LDAP groups error with different index

Hi, i’m searching a solution for different groups of LDAP that one of them see an index and other one see other index. I have followed this manual to integrate ldap groups with authorization:

The problem is that, i can login without problems with users of LDAP and if i define a backend role with a with a wildcard (*) at index all work properly.

But if i filter by an index (for example security*) and then login with my user of LDAP i see a blank page on Discover and this error at Timelion:

“no permissions for [indices:data/read/search] and User [name=CN=XXX…”

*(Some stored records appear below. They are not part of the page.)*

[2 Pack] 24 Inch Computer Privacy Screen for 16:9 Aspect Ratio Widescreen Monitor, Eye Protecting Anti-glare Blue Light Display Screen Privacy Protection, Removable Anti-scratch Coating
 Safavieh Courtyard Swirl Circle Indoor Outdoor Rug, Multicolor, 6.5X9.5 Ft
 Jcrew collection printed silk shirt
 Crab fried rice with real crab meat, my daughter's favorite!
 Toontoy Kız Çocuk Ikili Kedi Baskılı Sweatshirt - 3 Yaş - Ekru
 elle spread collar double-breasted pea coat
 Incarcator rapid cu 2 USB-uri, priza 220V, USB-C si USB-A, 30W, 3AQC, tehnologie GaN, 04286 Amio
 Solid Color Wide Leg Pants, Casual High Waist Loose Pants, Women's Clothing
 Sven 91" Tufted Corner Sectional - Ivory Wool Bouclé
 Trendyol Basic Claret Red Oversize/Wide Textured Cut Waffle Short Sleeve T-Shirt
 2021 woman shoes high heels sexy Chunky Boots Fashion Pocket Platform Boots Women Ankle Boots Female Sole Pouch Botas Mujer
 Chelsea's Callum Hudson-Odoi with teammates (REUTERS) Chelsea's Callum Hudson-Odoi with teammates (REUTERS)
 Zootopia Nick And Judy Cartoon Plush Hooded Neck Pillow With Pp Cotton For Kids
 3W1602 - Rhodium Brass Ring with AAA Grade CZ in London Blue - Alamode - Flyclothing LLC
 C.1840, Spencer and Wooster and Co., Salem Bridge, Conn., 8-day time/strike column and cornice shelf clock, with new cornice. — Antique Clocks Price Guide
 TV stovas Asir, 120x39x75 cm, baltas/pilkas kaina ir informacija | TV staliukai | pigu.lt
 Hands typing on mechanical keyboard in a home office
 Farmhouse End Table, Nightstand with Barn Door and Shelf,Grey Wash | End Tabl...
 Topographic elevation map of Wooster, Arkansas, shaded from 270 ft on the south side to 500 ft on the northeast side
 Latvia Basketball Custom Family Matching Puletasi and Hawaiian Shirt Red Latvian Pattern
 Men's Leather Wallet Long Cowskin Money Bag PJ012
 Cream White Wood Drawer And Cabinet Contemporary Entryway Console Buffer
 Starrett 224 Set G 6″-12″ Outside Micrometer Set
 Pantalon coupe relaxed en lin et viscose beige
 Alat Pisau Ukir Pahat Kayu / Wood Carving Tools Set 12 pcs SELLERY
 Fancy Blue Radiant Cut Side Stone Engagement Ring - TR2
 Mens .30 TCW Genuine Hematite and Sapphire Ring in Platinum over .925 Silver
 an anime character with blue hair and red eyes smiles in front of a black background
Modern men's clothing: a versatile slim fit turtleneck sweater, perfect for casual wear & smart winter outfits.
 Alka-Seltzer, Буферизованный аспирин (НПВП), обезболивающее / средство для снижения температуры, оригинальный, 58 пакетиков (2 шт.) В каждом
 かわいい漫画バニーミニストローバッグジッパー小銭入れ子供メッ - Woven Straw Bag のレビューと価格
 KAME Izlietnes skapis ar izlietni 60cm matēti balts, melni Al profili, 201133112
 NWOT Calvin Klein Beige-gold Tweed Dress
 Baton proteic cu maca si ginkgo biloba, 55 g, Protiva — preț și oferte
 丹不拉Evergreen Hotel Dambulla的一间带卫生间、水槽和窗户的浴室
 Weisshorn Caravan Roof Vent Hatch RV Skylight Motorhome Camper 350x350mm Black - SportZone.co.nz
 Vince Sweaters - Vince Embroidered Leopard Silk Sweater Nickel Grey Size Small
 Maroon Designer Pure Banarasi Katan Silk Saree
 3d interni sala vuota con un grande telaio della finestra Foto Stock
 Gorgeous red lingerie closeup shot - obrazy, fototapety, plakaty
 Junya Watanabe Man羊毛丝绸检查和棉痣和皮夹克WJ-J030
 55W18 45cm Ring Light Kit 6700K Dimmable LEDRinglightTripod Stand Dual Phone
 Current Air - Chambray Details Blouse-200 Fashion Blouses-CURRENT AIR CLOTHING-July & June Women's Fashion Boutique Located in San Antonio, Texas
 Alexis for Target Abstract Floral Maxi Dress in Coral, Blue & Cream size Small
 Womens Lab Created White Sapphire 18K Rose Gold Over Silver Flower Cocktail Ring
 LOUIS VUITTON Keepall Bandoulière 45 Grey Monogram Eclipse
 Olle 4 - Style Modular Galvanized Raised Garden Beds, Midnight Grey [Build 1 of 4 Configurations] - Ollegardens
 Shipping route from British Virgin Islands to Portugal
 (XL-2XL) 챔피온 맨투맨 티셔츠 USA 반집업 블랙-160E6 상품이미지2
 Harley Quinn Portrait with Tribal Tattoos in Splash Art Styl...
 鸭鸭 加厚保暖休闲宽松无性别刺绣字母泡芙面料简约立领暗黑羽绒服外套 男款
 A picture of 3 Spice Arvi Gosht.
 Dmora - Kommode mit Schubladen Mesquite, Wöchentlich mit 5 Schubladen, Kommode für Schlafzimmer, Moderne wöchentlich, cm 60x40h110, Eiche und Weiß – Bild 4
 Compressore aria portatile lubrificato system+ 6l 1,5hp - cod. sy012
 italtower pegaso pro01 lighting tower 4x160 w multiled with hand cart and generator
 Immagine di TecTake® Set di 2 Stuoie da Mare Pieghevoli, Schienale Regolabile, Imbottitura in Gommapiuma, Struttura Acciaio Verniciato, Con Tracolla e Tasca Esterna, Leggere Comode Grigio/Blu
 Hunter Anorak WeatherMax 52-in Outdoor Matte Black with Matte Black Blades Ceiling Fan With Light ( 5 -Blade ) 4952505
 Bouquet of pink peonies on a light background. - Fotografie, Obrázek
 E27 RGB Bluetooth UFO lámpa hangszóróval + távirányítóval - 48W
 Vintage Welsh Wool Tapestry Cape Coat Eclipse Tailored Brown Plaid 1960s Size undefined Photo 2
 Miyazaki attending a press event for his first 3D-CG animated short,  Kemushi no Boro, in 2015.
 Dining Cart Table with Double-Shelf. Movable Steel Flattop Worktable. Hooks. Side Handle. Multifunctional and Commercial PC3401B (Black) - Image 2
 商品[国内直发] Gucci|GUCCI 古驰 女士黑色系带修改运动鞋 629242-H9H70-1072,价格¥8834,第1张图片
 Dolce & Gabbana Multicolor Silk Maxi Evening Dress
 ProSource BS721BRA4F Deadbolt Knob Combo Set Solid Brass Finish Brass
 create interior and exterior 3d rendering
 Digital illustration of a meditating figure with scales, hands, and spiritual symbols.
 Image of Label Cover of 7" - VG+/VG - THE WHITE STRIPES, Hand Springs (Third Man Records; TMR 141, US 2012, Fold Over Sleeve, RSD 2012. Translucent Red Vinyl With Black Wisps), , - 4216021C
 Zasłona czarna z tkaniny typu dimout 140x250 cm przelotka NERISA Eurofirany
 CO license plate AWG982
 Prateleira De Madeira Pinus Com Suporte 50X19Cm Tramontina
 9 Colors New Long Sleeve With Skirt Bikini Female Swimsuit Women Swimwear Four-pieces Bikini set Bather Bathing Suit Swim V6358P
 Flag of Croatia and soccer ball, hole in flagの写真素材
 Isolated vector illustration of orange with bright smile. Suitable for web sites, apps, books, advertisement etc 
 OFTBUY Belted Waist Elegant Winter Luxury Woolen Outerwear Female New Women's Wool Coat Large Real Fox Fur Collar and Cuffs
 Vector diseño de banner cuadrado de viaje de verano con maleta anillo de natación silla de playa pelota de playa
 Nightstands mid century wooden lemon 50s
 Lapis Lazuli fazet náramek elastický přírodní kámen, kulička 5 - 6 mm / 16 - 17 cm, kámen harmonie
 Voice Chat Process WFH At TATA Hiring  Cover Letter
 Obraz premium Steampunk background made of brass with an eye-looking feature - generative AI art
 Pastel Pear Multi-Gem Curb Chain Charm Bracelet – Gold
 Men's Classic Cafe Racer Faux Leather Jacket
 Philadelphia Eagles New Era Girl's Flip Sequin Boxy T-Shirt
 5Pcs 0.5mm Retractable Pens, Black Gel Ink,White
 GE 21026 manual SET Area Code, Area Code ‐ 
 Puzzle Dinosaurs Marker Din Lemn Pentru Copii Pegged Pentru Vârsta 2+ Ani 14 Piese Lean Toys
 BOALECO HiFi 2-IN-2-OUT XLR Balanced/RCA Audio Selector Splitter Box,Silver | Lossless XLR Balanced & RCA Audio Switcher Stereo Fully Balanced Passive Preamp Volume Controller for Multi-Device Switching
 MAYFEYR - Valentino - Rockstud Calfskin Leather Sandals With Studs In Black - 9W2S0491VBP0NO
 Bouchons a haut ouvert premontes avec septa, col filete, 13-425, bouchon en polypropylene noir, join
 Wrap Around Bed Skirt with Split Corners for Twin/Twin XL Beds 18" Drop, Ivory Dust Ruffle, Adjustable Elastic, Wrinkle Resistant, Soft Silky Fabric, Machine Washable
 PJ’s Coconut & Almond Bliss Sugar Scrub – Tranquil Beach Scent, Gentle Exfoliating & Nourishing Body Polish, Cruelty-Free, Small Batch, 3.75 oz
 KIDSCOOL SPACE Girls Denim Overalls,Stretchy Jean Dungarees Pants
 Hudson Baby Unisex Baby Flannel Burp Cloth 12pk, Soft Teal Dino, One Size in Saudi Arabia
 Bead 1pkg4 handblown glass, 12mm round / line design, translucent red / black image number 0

Need help please…thanks a lot.

Hi @Orion, permissions errors like this one typically mean you’re authenticating successfully, but that your user/backend role isn’t mapped to the right role(s), or those role(s) don’t have the right permissions. Can you try mapping the kibanauser role to the backend role from LDAP? Then you can map additional roles (with permissions to specific indices) to the backend role, as well, but to use Kibana without errors, you need that kibanauser role (or an equivalent set of permissions).

Hi @aetter , I had the same exaact issue …

Getting 403 security exception on :
/api/saved_objects/_find?type=index-pattern&fields=title&search=*&search_fields=title&per_page=1

error: "Forbidden"
message: "no permissions for [indices:data/read/search] and User [name=ldap_ads_user, roles=[PRC-USER-GROUP], requestedTenant=null]: [security_exception] no permissions for [indices:data/read/search] and User [name=ldap_ads_user, roles=[PRC-USER-GROUP], requestedTenant=null]"
statusCode: 403

Role for PRC-USER-GROUP:

{
  "cluster": [],
  "indices": {
    "index1-*": {
      "*": [
        "READ"
      ]
    }
  },
  "tenants": {}
}

Role Mapping :

 { 
      "backendroles": [
      "PRC-USER-GROUP"
      ],
     "hosts": [],
      "users": []
    }

LDAP login is working fine with the auth info api call populating backend roles array with the above PRC group.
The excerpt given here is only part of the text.